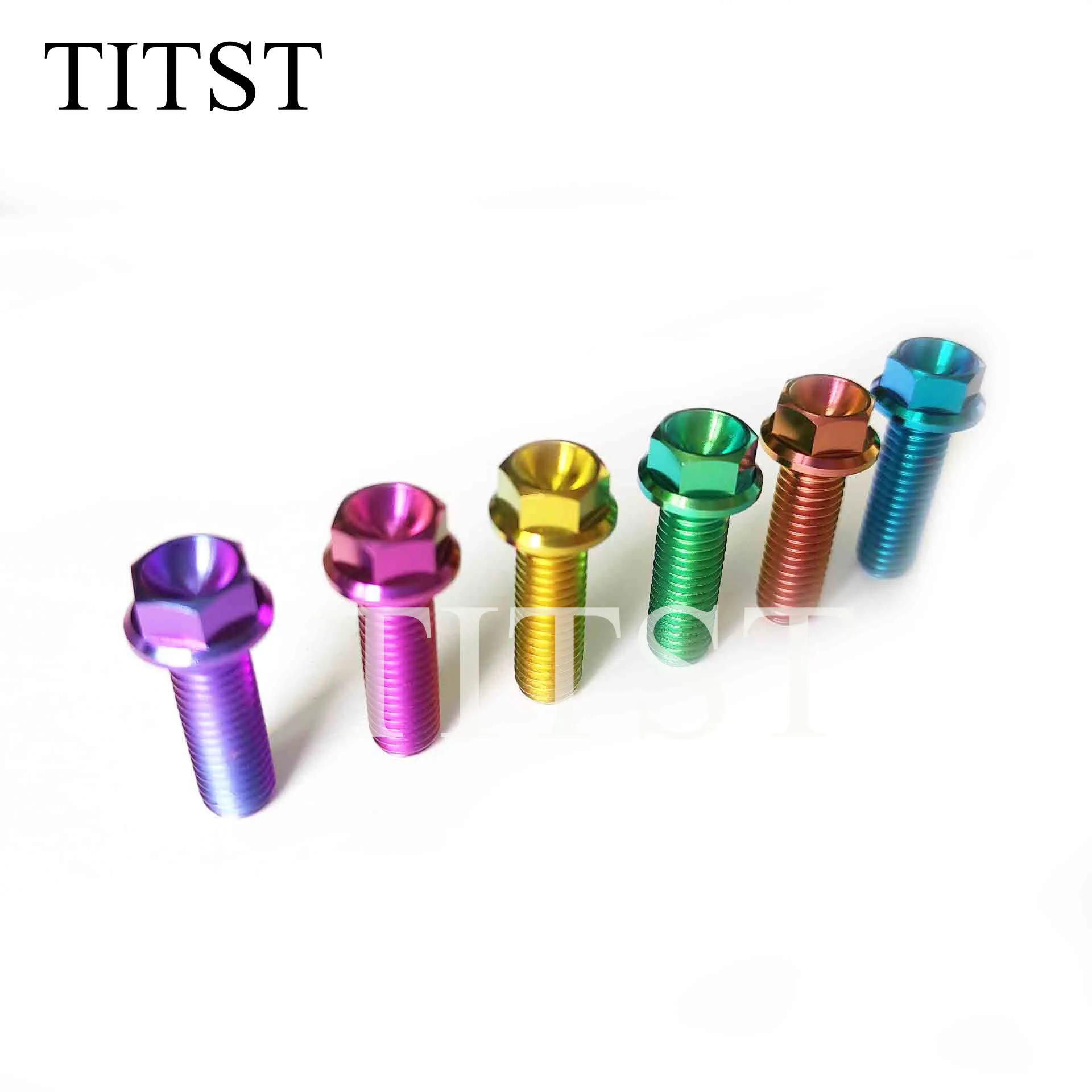 

TITST Titanium Flange bolts M8x20/50mm Titanium Ti Flange Hex Head Bolt（ One Lot = 2PCS) )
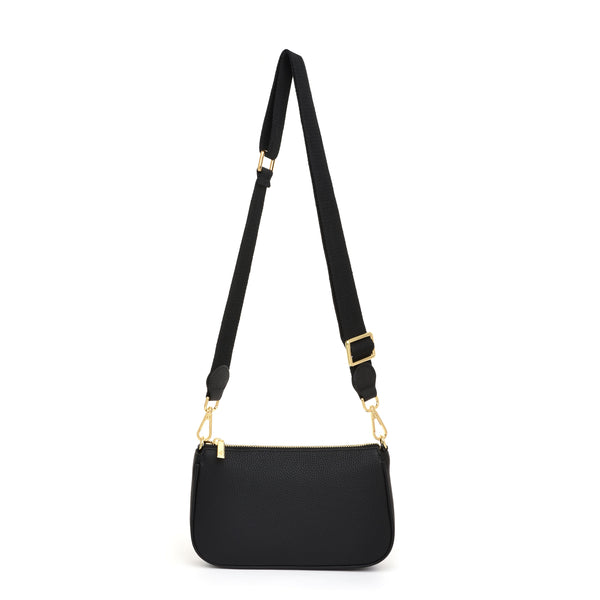 Black Premium Cotton / Calfskin Leather Adjustable Crossbody Bag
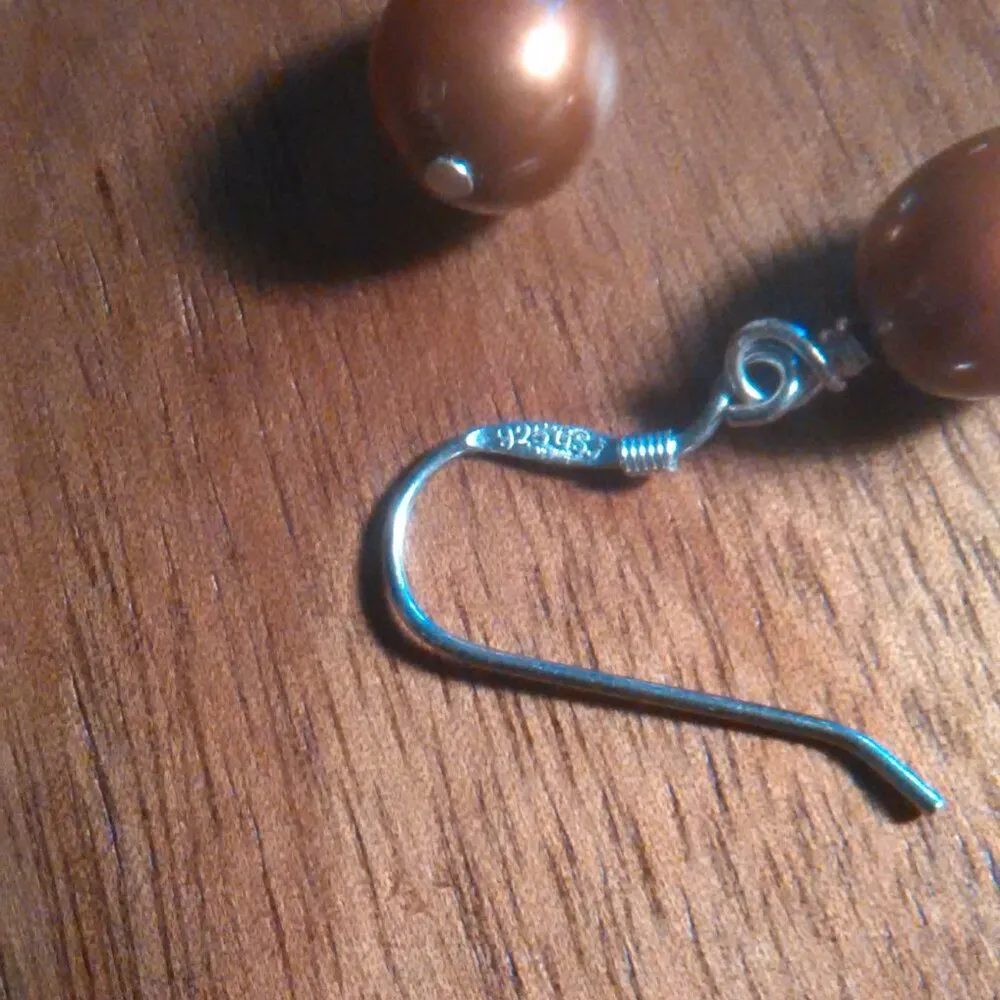 Brown Fresh Water Pearl Sterling Silver Earrings - Image 5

▶ Work required
Could you output the listing word for word, omitting every picture?

▶ Response below
TITST Titanium Flange bolts M8x20/50mm Titanium Ti Flange Hex Head Bolt（ One Lot = 2PCS) )
 Black Premium Cotton / Calfskin Leather Adjustable Crossbody Bag
 Brown Fresh Water Pearl Sterling Silver Earrings - Image 5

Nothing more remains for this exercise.